**Record extracts**
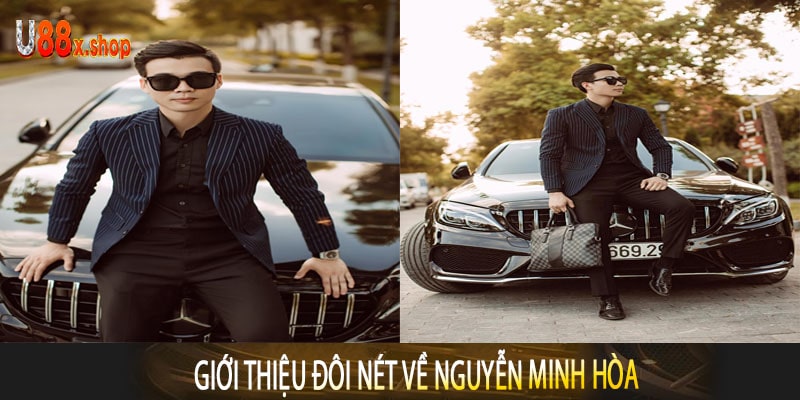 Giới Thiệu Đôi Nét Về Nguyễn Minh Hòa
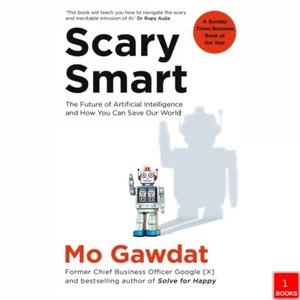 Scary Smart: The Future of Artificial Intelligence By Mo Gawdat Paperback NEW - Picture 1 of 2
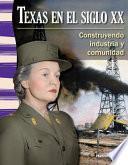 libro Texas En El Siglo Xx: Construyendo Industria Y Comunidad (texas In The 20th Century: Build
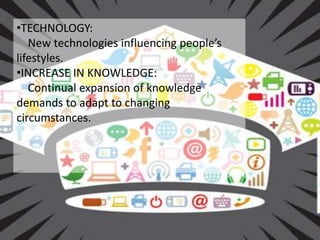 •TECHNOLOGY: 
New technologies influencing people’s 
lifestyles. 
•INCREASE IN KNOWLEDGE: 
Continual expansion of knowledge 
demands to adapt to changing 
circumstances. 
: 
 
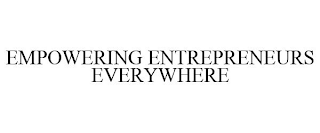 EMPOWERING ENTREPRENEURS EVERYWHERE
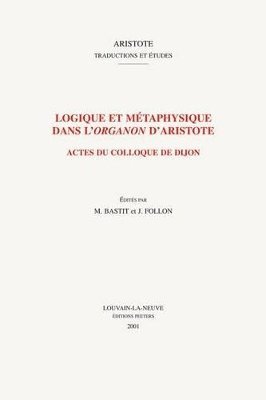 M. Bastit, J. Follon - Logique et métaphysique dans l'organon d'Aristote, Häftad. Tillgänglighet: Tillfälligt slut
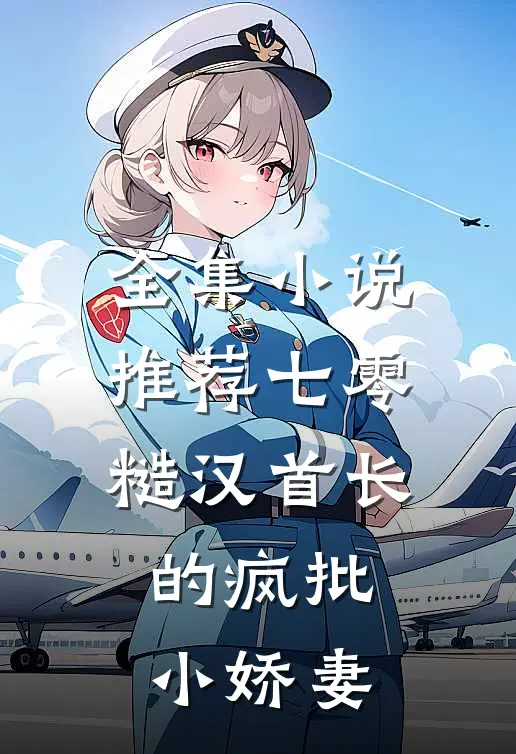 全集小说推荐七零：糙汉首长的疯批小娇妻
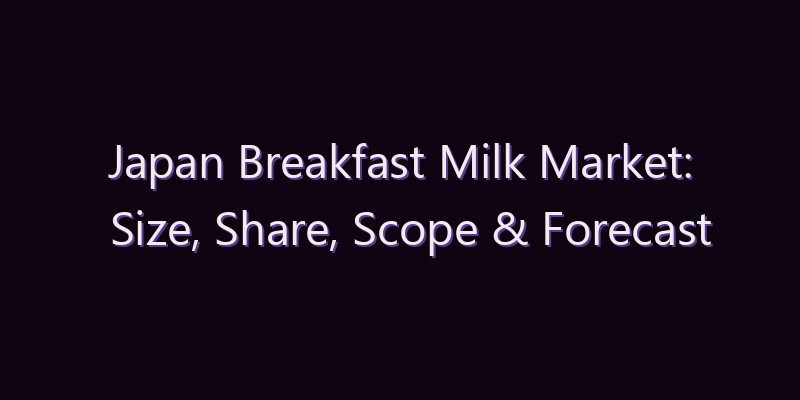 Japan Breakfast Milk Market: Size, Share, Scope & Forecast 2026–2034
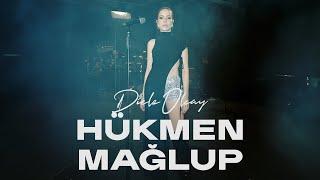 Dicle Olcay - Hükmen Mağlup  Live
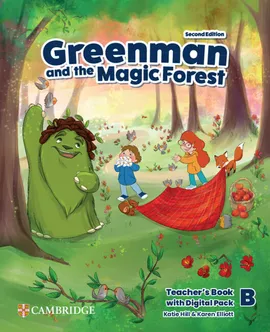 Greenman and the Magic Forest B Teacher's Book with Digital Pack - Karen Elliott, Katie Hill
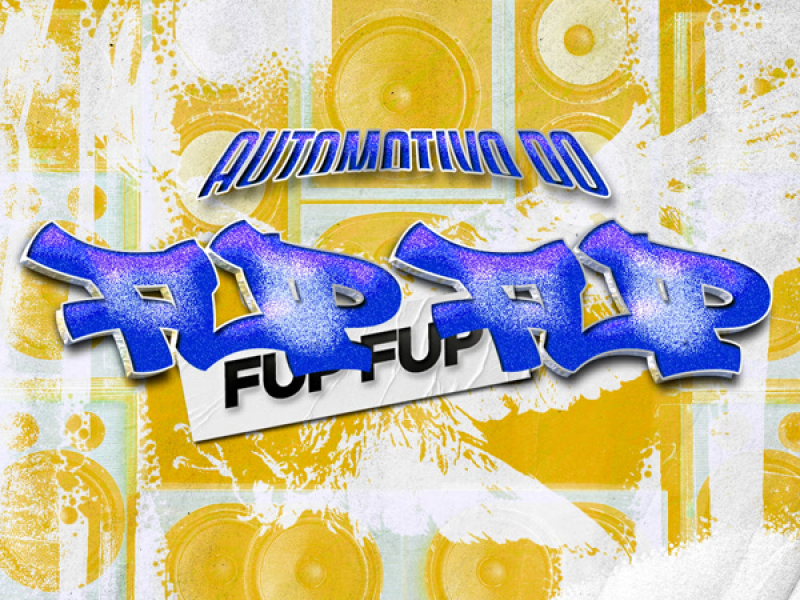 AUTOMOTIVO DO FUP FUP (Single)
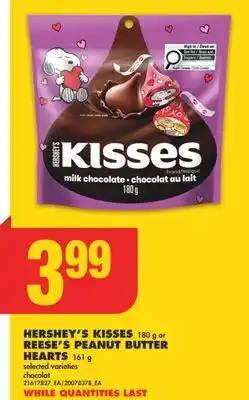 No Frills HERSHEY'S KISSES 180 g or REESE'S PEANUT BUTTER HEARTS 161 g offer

**Assignment**
With pictures omitted, copy exactly the lines from the one containing "Scary Smart: The" through the final line of the listing, both included.

**Solution for this exercise**
 Scary Smart: The Future of Artificial Intelligence By Mo Gawdat Paperback NEW - Picture 1 of 2
 libro Texas En El Siglo Xx: Construyendo Industria Y Comunidad (texas In The 20th Century: Build
 •TECHNOLOGY: 
New technologies influencing people’s 
lifestyles. 
•INCREASE IN KNOWLEDGE: 
Continual expansion of knowledge 
demands to adapt to changing 
circumstances. 
: 
 
 EMPOWERING ENTREPRENEURS EVERYWHERE
 M. Bastit, J. Follon - Logique et métaphysique dans l'organon d'Aristote, Häftad. Tillgänglighet: Tillfälligt slut
 全集小说推荐七零：糙汉首长的疯批小娇妻
 Japan Breakfast Milk Market: Size, Share, Scope & Forecast 2026–2034
 Dicle Olcay - Hükmen Mağlup  Live
 Greenman and the Magic Forest B Teacher's Book with Digital Pack - Karen Elliott, Katie Hill
 AUTOMOTIVO DO FUP FUP (Single)
 No Frills HERSHEY'S KISSES 180 g or REESE'S PEANUT BUTTER HEARTS 161 g offer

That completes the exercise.